On the flip side, if you DO need that stuff, I've been very pleased with Fastora. Good interface, easy setup and lots of options. We got a 1.337TB unit (8x250GB hard drives in RAID5, one drive as a hot spare) with 2x100Mb NIC and 1x1Gb NIC for around $7,000.
There is a difference between "insightful" and "inciteful" other than spelling.
Might have a look at Mitel (formerly e-smith) SME Server. I've been using it for my file server at home, email, and to host a few domains for a couple of years now. Good stuff, pretty secure, can also be your router/gateway. One ther I haven't looked at, but I intend to check out soon, is BlueQuartz. Not really a distro, but the results of Sun open-sourcing the Sobalt RaQ550 network appliance. There's a binary install kit for a basic Redhat/Fedora setup, source, and many howto's out there...
I would consider two OS's for a low-end home NAS.
First OS:
Debian GNU/Linux
Why? 1) Easy to update. 2) Wide selection of packages. 3) Possible to do a minimal install and have a pretty bare-bones OS.
Second OS:
OpenBSD
Why? 1) Security. 2) Security. 3) Security.
Just for anyone else reading who gets similar ideas, he's got some big errors.
This is incorrect. The reason you only put 1 device per channel is because with IDE, only one device on a channel can be active at once. It has nothing to do with the likelihood of failure. Even if that weren't true, his assumption is silly - a single drive is much more likely to break than a single channel on a controller.

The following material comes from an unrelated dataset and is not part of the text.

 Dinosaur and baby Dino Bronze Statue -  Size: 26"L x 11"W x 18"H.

This erroneous assumption carries through his entire implementation and has crippled it's performance (as seen in the benchmarks - 36MB/s ? That's pathetic for an 6 disk RAID0 array - effectively what is is for disk reads). Using the "hardware" RAID on the card is another mistake, tying the array forever to that particular brand and model of disk controller.

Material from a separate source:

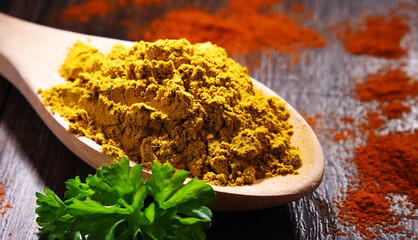 Wooden spoon with curry powder on kitchen table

Folks, if you're setting up honkin' great big RAID arrays at home and don't want to pay for decent RAID controllers like 3wares, *use software RAID*. The CPU overhead is insignificant and the bonus of being able to move the array between arbitrary machines and not having to worry about a disk controller failure permanently making your data inaccessible is more than worth it.
I had always used reiserfs for everything, but having been recently asked to set up a small bunch of inexpensive file servers, I took the time to research which filesystem is best able to survive a crash or power outage. The few recent tests I've found suggest that of XFS, JFS, reiserfs, and ext3 (ordered), ext3 had the by far best recovery rate, and reiserfs had the worst among the journaled filesystems tested. In one, where a disk intensive app was run and the system was reset several several seconds later, ext3 survived over 300 power cycles with minimal damage, while reiserfs became unbootable after 10 cycles, and the rest did better but came nowhere near ext3.
After a few days of disbelief and frantic googling, I decided to make the switch to ext3. Now if I can only get approval to purchase UPS's for the servers.
As for which distribution to use, we tested Slackware 10, Fedora Core 2, and finally chose CentOS.